> [Assignment] Reproduce only the lines below from the line containing "Tranquil Harbour House | A Swell Life" to the line containing "Historischer Charme trifft", exactly as written, with both end lines kept. Omit the pictures.

> [Given information]
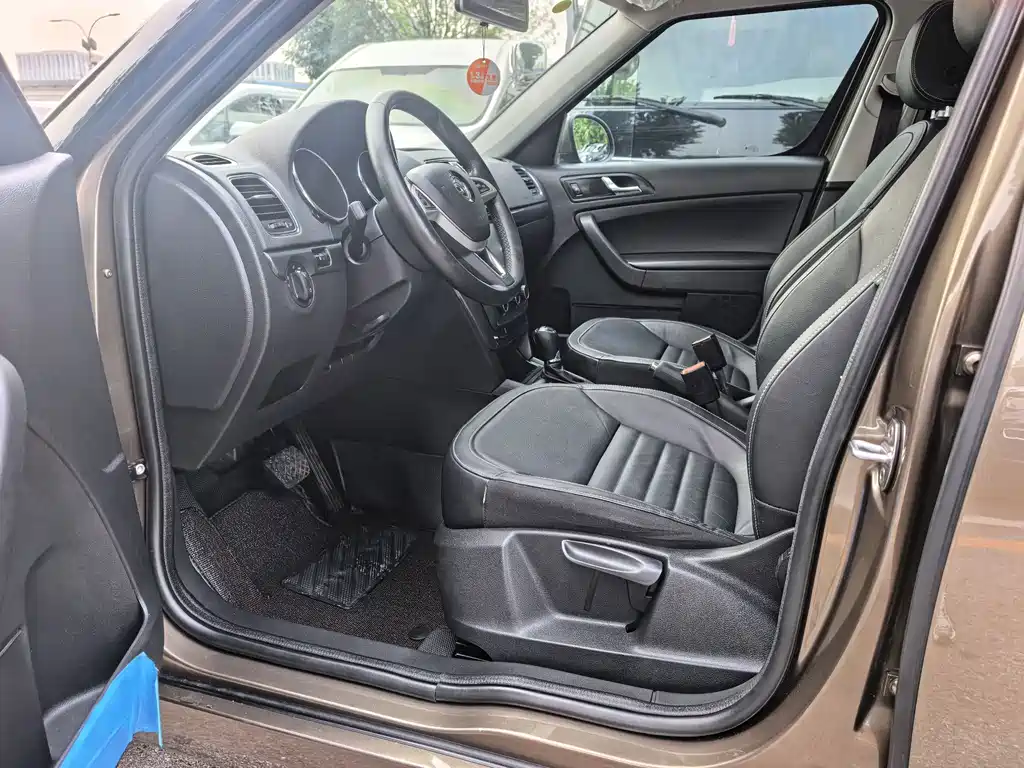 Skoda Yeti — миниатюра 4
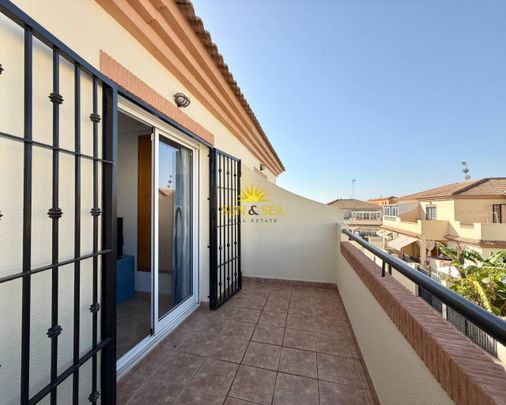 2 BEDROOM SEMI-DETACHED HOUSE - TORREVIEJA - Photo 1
* * *
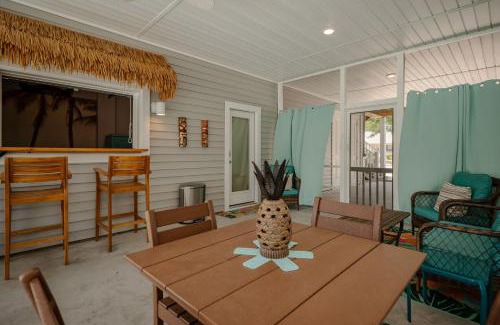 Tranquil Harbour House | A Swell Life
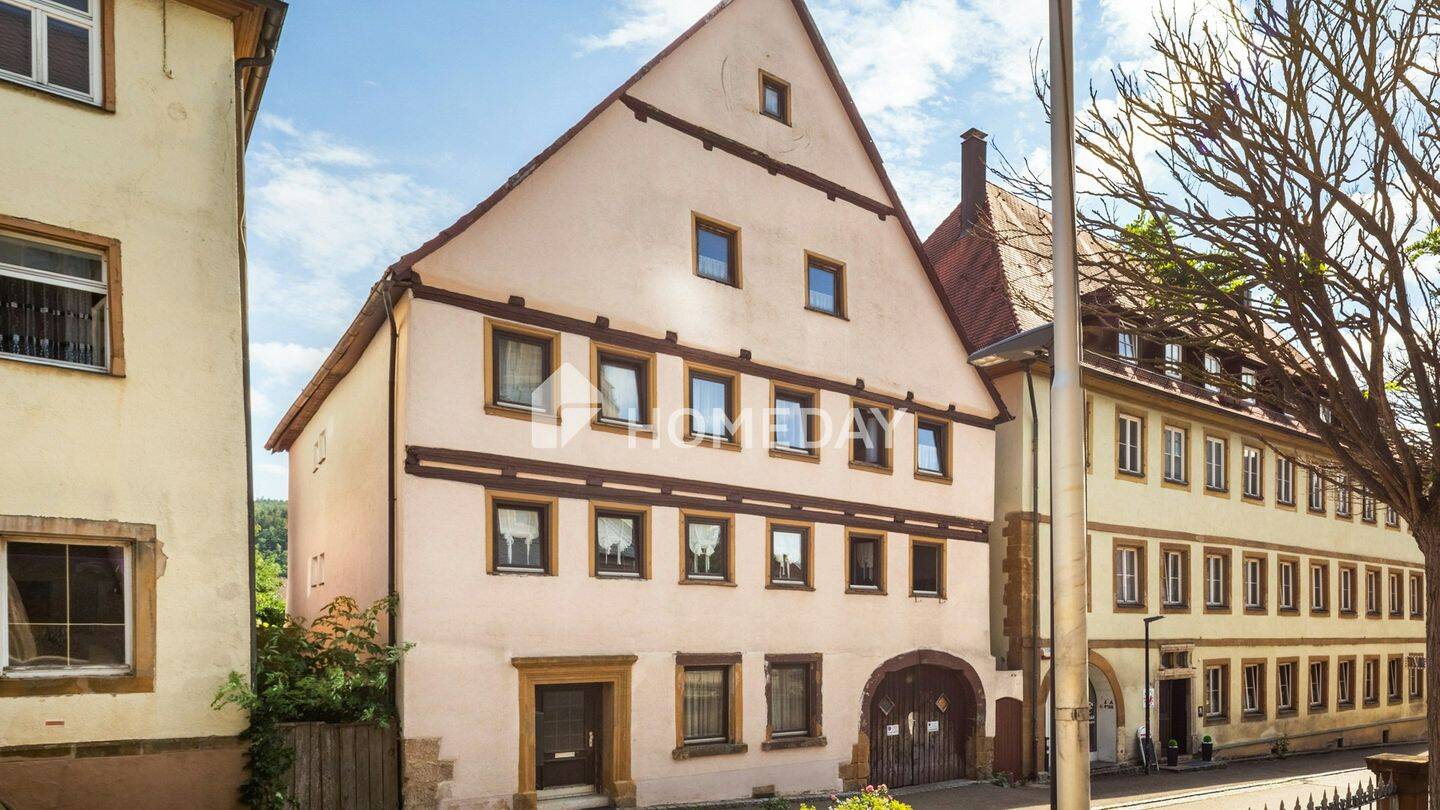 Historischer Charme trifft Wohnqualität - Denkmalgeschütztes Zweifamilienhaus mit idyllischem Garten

> [Response to this exercise]
 Tranquil Harbour House | A Swell Life
 Historischer Charme trifft Wohnqualität - Denkmalgeschütztes Zweifamilienhaus mit idyllischem Garten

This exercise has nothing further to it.